◆ **Data to process**
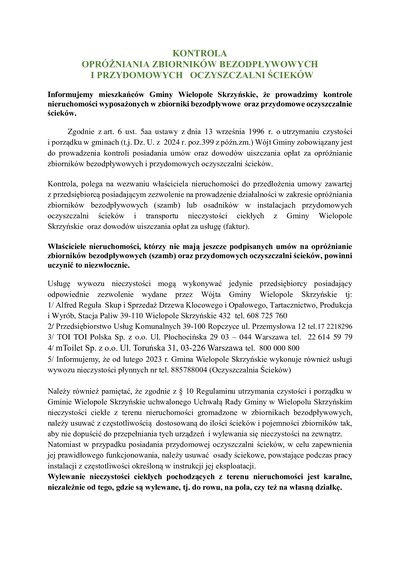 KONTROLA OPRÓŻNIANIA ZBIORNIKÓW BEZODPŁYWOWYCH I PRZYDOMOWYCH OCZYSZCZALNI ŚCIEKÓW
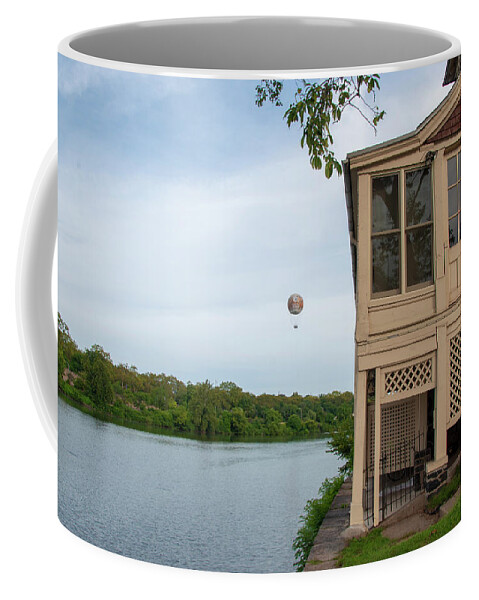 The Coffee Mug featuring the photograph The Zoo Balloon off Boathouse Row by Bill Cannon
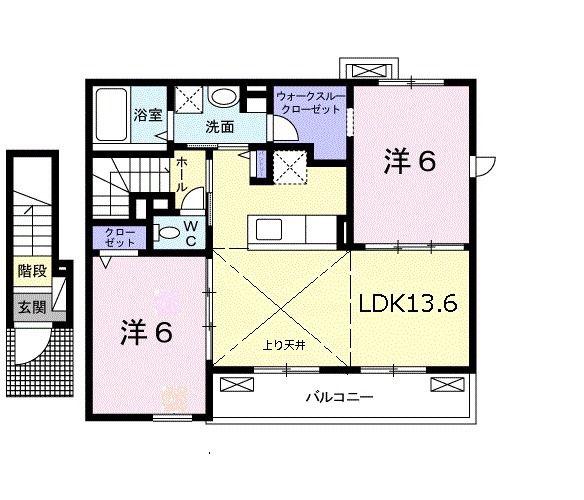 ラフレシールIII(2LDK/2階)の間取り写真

==

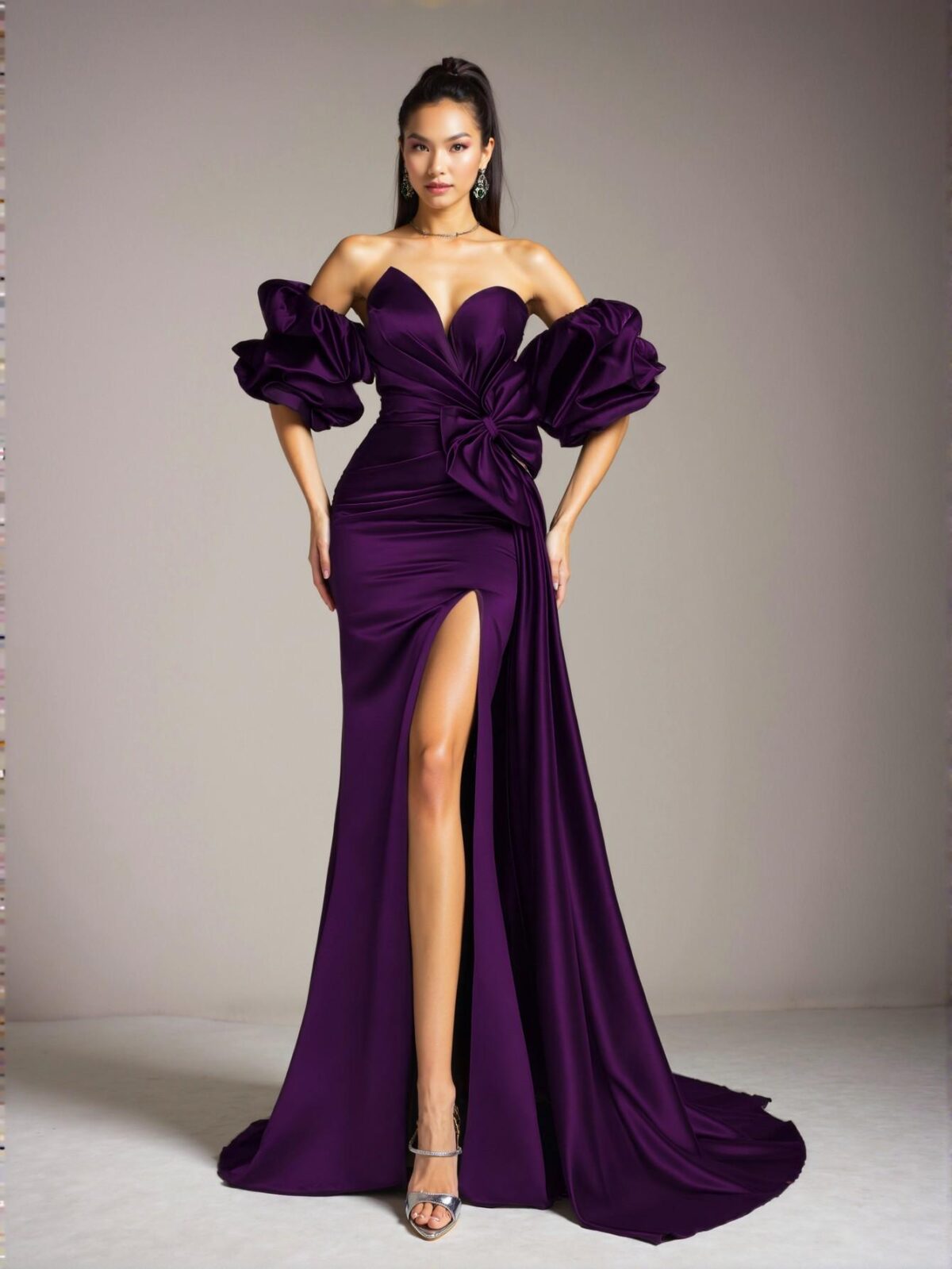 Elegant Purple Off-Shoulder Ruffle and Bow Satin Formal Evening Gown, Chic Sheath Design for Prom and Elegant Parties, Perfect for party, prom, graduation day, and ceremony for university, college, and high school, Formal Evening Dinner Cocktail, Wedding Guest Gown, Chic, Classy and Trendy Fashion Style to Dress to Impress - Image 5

...

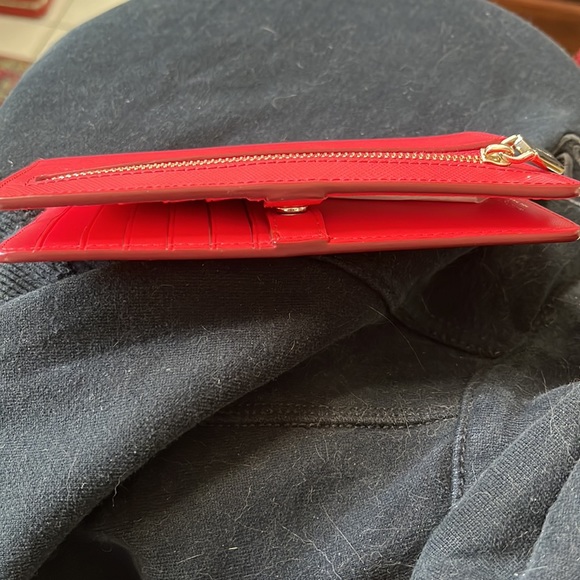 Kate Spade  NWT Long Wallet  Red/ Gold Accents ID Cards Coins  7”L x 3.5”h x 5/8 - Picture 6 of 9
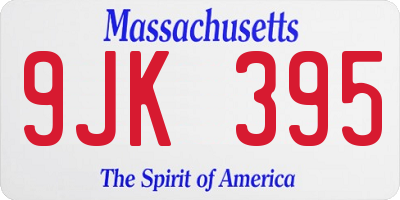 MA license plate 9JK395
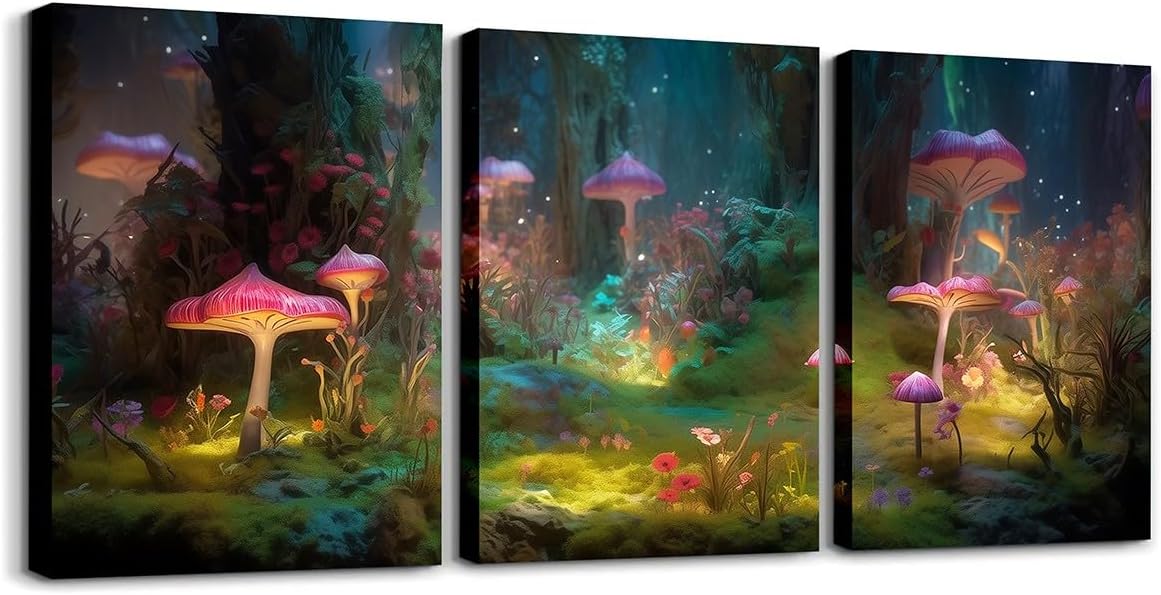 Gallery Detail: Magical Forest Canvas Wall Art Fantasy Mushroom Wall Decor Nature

◆ **Task**
Reproduce the lines above starting at the one with "Picture 6 of 9" and ending at the one with "Gallery Detail: Magical", both included, exactly and with no pictures.

◆ **Written solution**
 Kate Spade  NWT Long Wallet  Red/ Gold Accents ID Cards Coins  7”L x 3.5”h x 5/8 - Picture 6 of 9
 MA license plate 9JK395
 Gallery Detail: Magical Forest Canvas Wall Art Fantasy Mushroom Wall Decor Nature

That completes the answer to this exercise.